## PROBLEM:
Print every entry exactly as written and exclude all images.
##############################
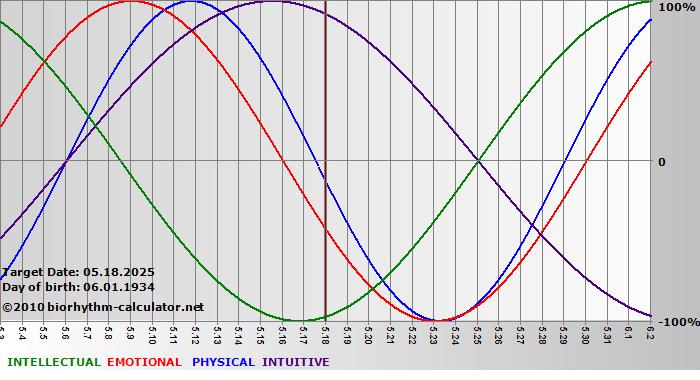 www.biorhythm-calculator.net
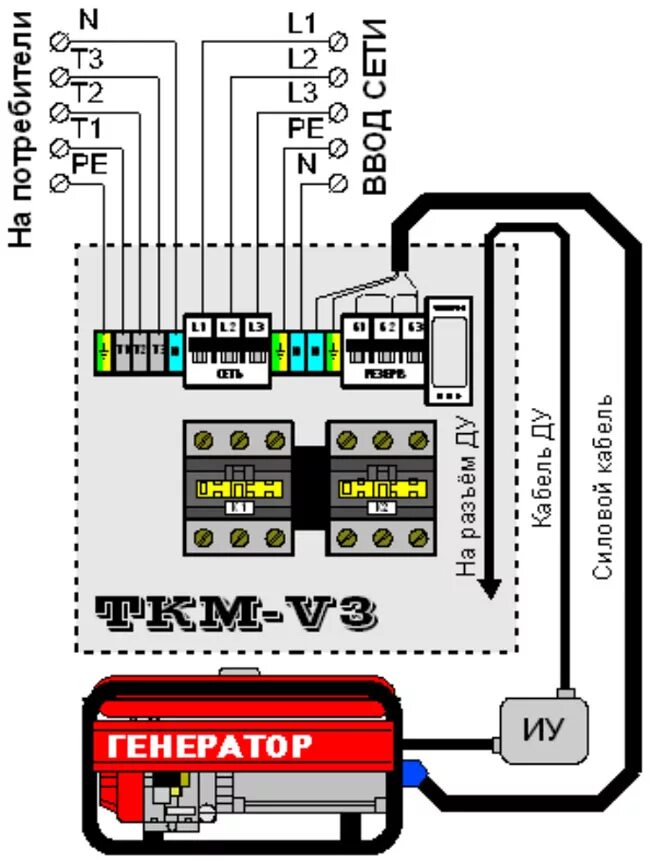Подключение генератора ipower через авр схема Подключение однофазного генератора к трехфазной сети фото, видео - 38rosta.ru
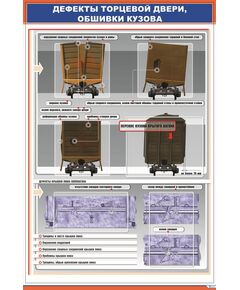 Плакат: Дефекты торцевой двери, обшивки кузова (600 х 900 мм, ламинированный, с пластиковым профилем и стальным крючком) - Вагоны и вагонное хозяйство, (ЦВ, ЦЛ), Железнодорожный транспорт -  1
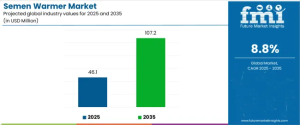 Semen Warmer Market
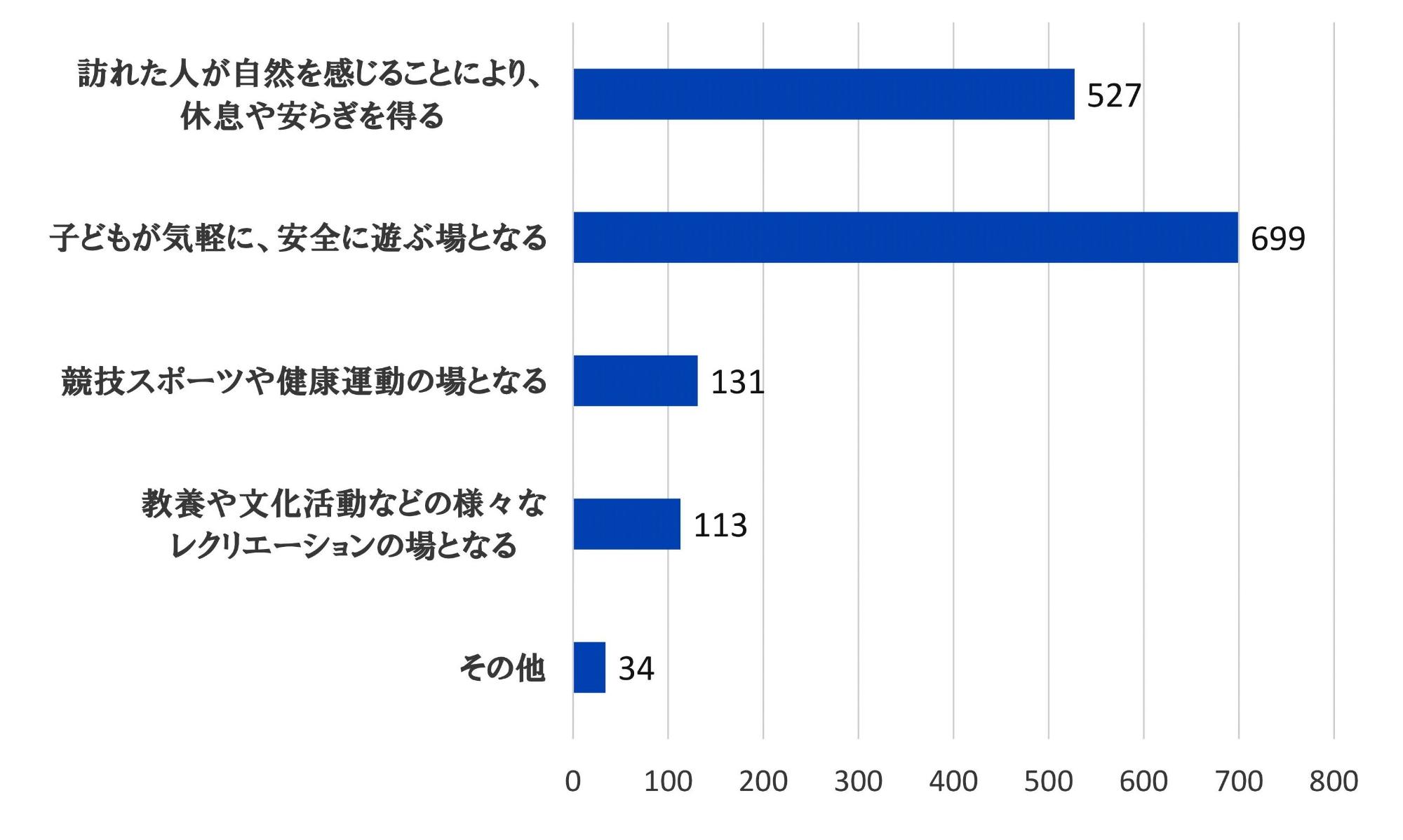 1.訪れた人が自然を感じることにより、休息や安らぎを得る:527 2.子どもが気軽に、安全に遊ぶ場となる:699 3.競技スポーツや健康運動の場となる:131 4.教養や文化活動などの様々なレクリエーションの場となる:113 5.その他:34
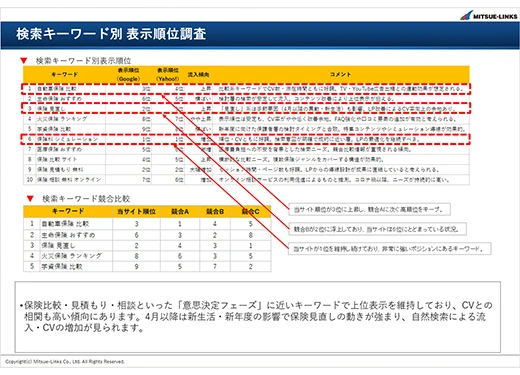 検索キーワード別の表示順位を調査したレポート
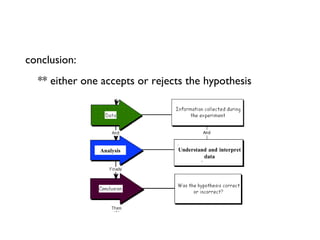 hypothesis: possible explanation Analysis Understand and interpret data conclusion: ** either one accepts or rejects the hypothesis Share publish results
##############################
## RESULT OF THIS TASK:
 www.biorhythm-calculator.net
Подключение генератора ipower через авр схема Подключение однофазного генератора к трехфазной сети фото, видео - 38rosta.ru
 Плакат: Дефекты торцевой двери, обшивки кузова (600 х 900 мм, ламинированный, с пластиковым профилем и стальным крючком) - Вагоны и вагонное хозяйство, (ЦВ, ЦЛ), Железнодорожный транспорт -  1
 Semen Warmer Market
 1.訪れた人が自然を感じることにより、休息や安らぎを得る:527 2.子どもが気軽に、安全に遊ぶ場となる:699 3.競技スポーツや健康運動の場となる:131 4.教養や文化活動などの様々なレクリエーションの場となる:113 5.その他:34
 検索キーワード別の表示順位を調査したレポート
 hypothesis: possible explanation Analysis Understand and interpret data conclusion: ** either one accepts or rejects the hypothesis Share publish results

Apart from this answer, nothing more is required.